Stored records
>>>
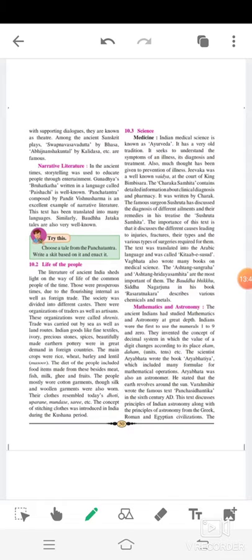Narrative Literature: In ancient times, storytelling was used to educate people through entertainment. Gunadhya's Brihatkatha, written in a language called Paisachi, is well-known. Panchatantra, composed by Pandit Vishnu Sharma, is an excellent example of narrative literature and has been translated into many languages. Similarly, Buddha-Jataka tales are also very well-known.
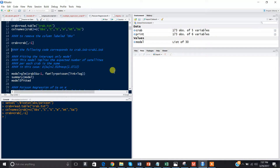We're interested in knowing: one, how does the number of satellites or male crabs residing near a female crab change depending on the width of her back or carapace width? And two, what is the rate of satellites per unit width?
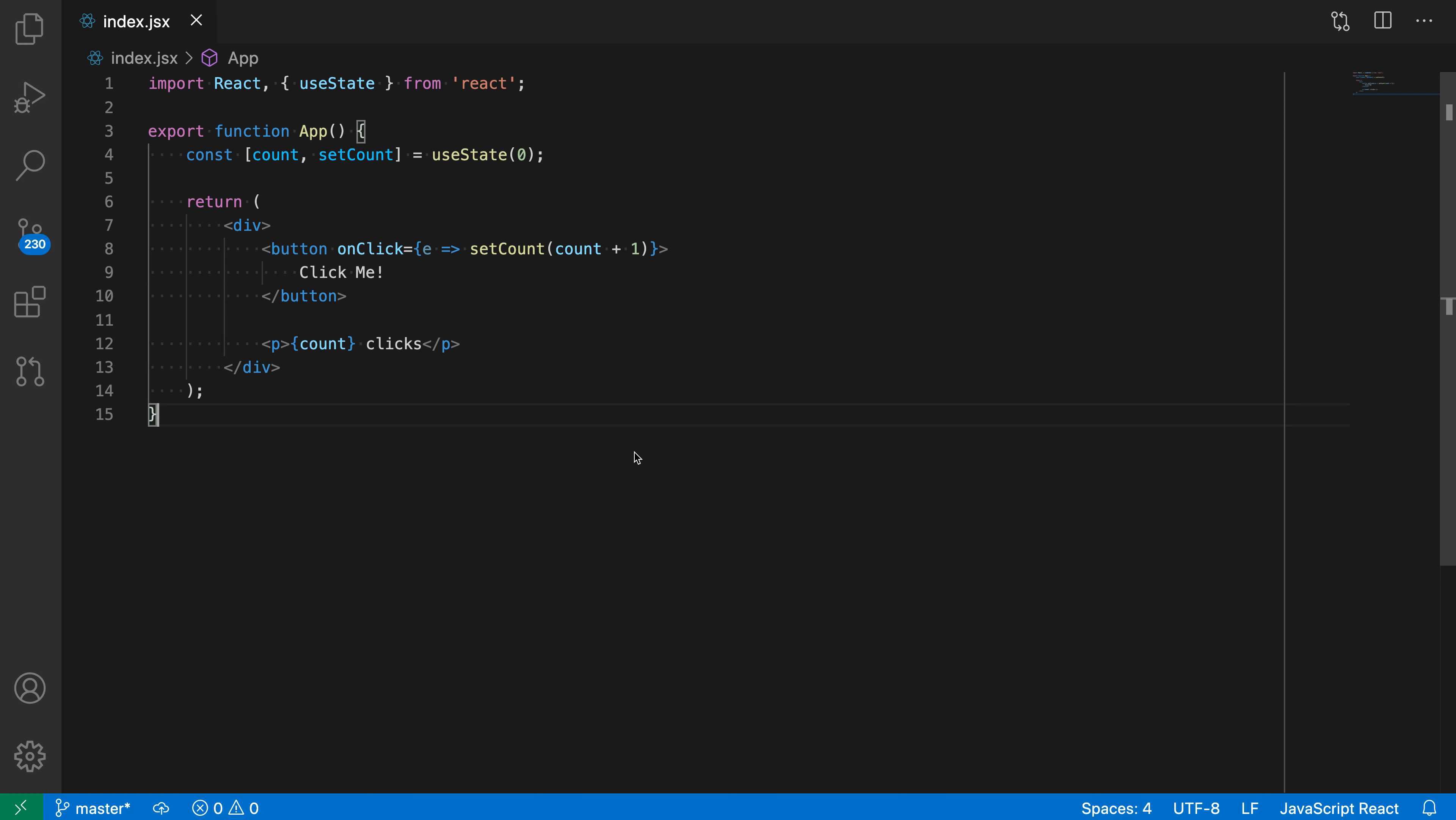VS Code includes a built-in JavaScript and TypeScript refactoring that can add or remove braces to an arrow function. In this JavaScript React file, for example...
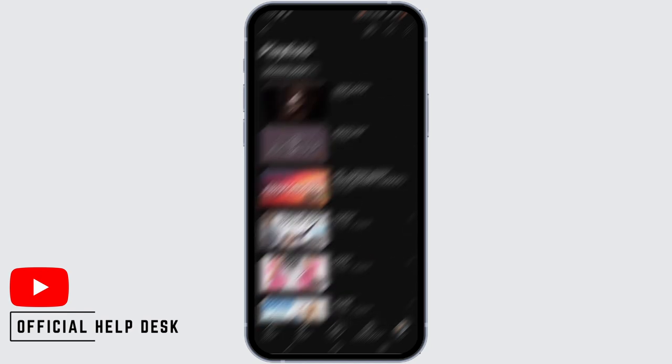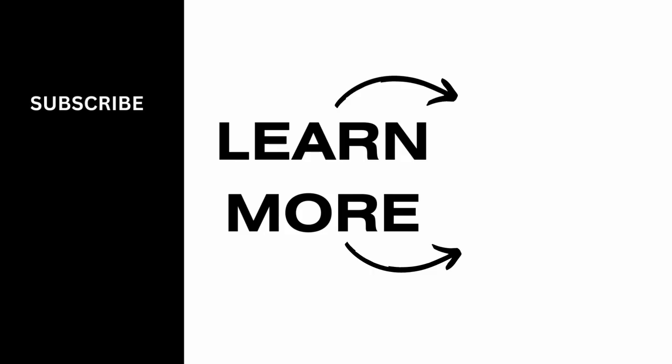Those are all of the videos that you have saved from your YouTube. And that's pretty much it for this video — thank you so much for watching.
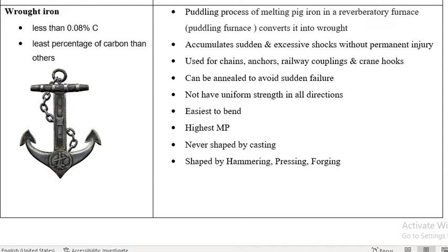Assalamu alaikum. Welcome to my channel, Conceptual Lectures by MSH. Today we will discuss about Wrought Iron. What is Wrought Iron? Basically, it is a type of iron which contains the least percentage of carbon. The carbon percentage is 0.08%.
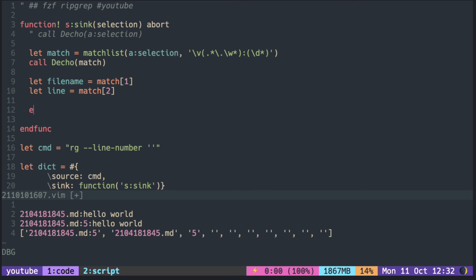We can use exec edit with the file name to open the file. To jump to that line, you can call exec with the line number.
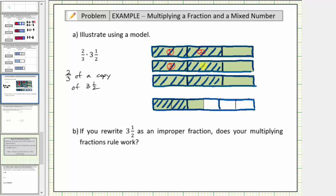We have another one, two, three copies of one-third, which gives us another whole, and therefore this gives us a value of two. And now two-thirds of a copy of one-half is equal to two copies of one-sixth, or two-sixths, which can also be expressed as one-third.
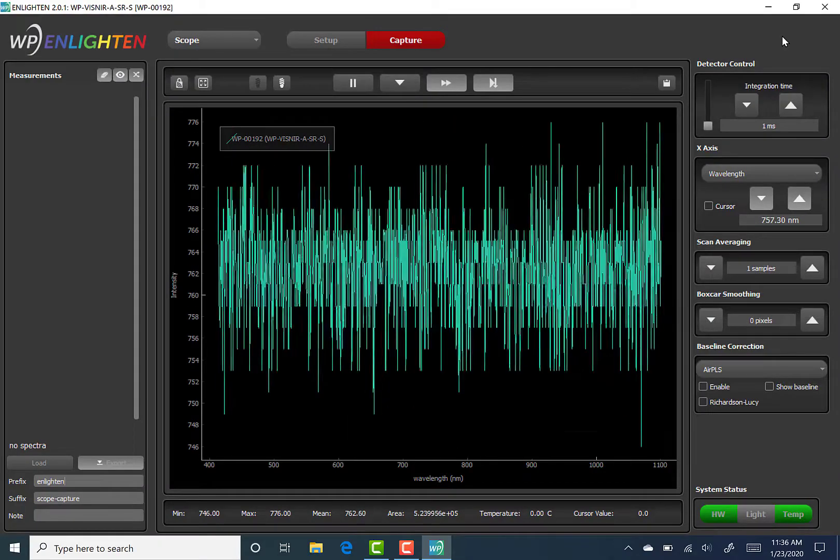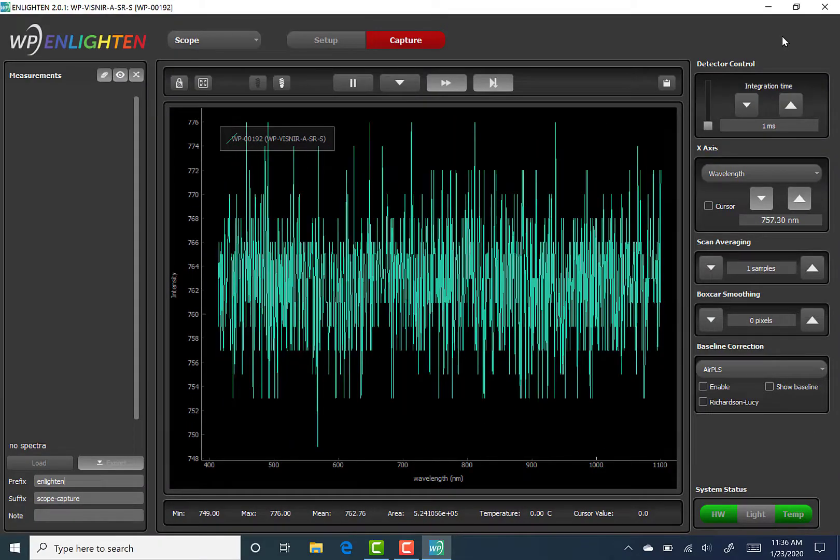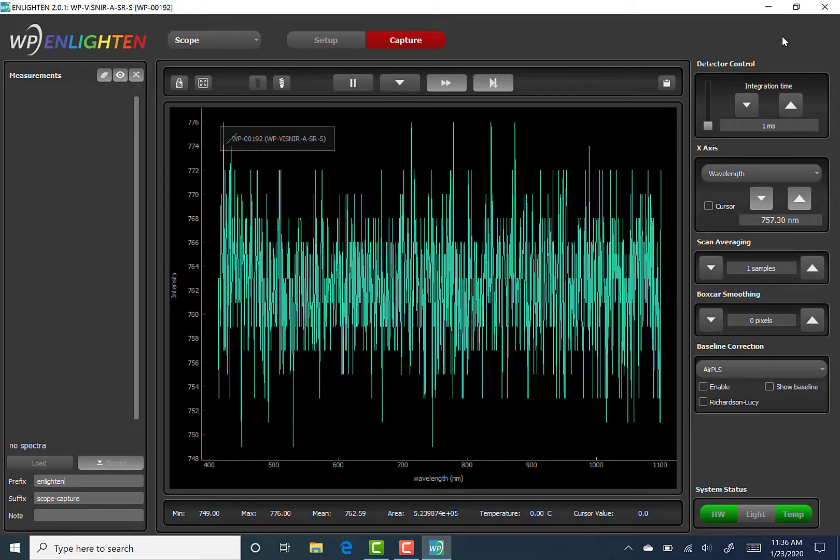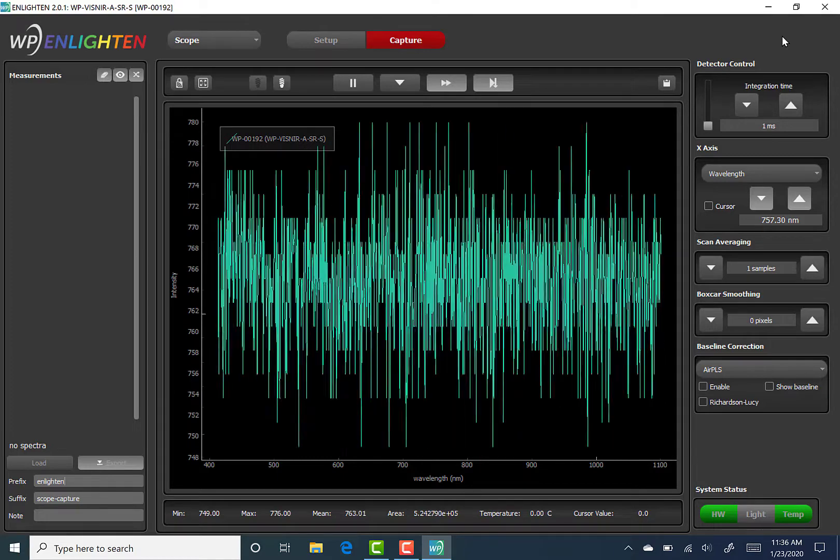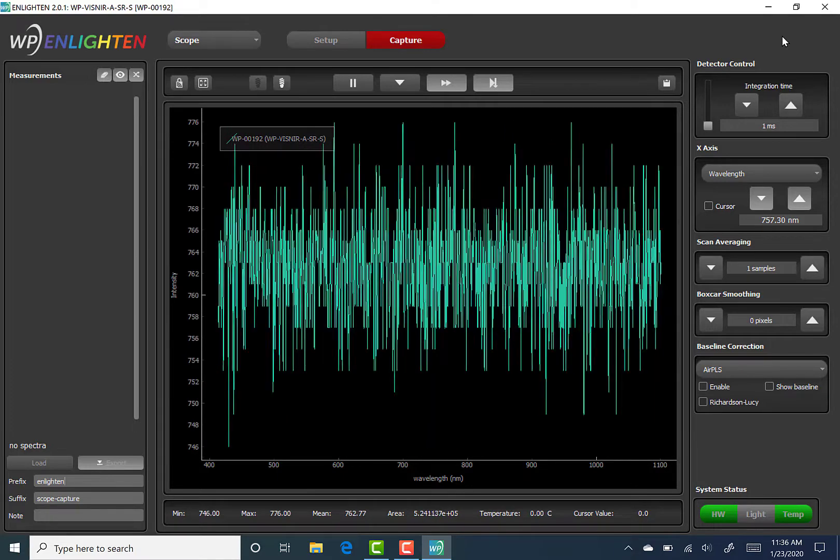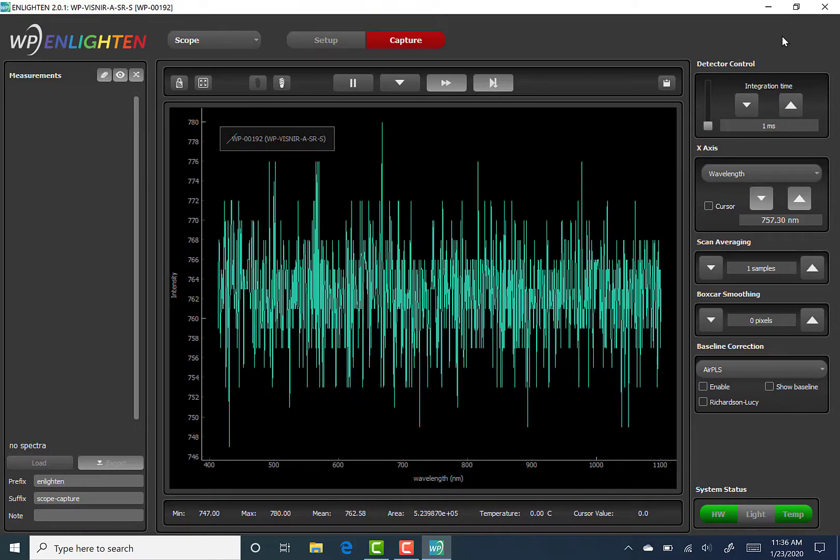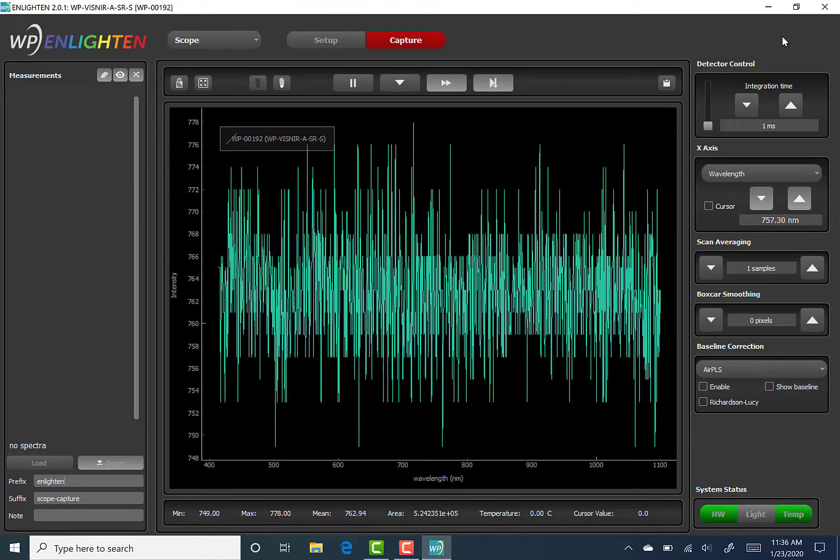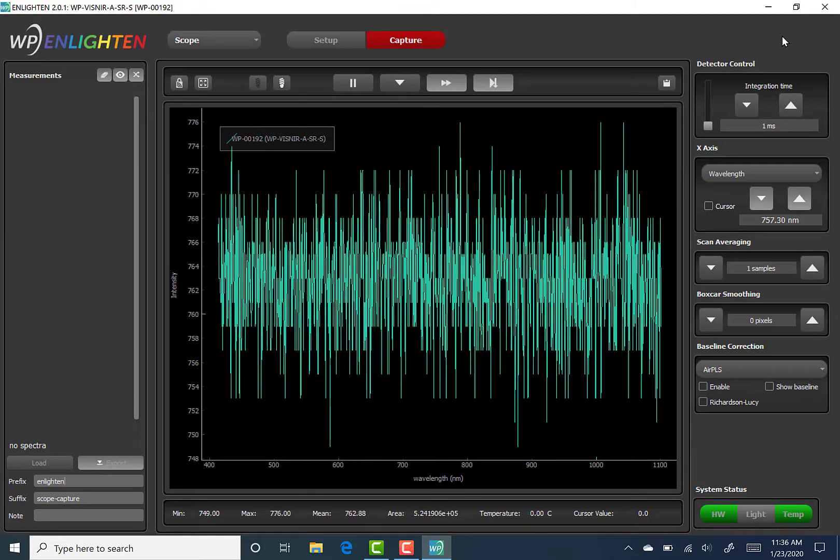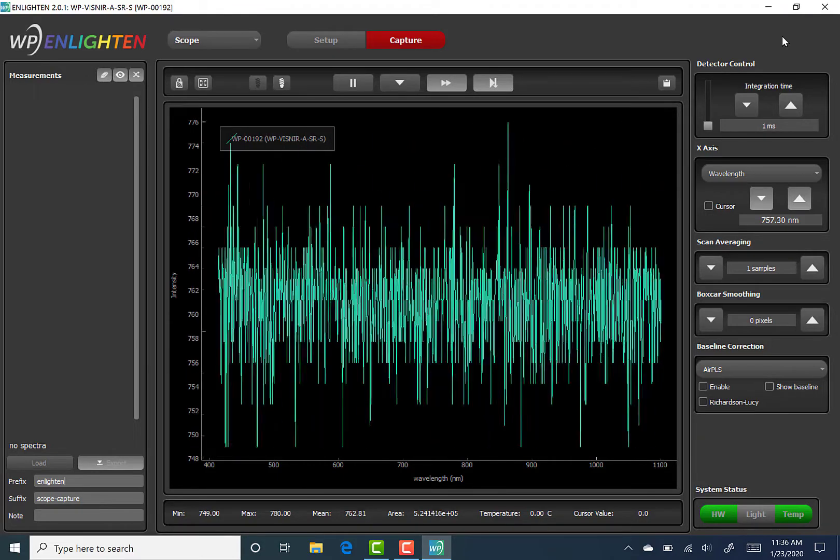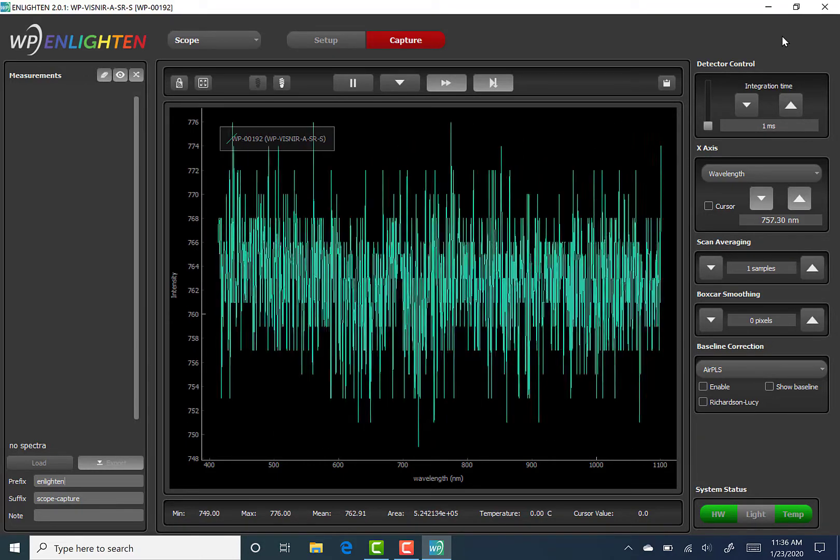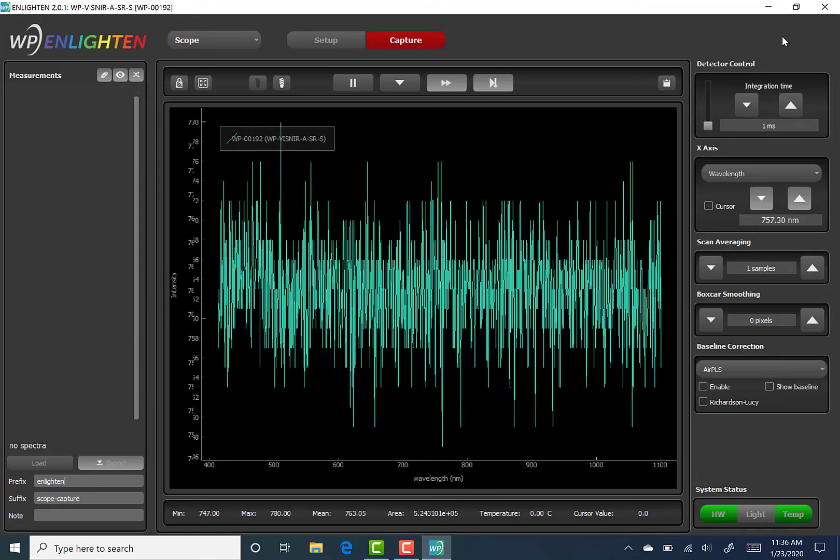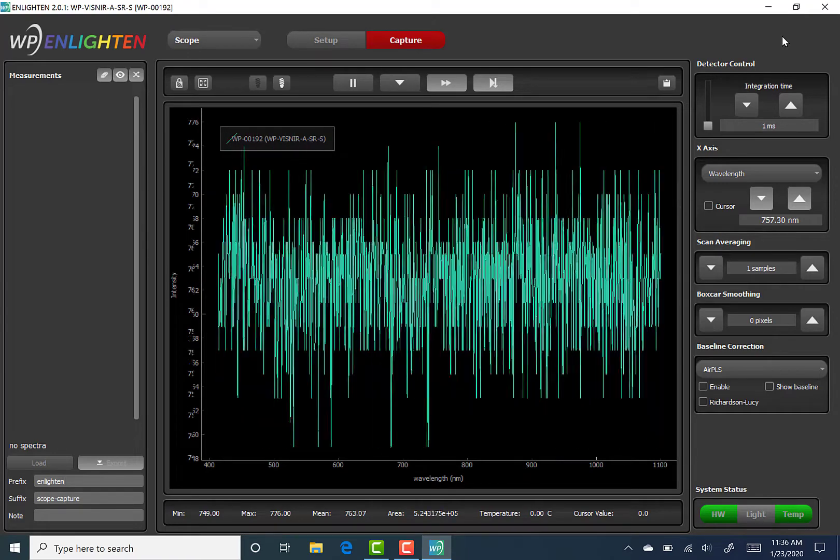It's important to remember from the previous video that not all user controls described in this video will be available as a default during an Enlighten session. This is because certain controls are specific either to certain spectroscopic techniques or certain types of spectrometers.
<<<
- What you are asked to do -
From the records above, copy only the lines running from the line holding "Assalamu alaikum. Welcome" through the line holding "We can use exec", with no pictures.

- Your response -
Assalamu alaikum. Welcome to my channel, Conceptual Lectures by MSH. Today we will discuss about Wrought Iron. What is Wrought Iron? Basically, it is a type of iron which contains the least percentage of carbon. The carbon percentage is 0.08%.
We can use exec edit with the file name to open the file. To jump to that line, you can call exec with the line number.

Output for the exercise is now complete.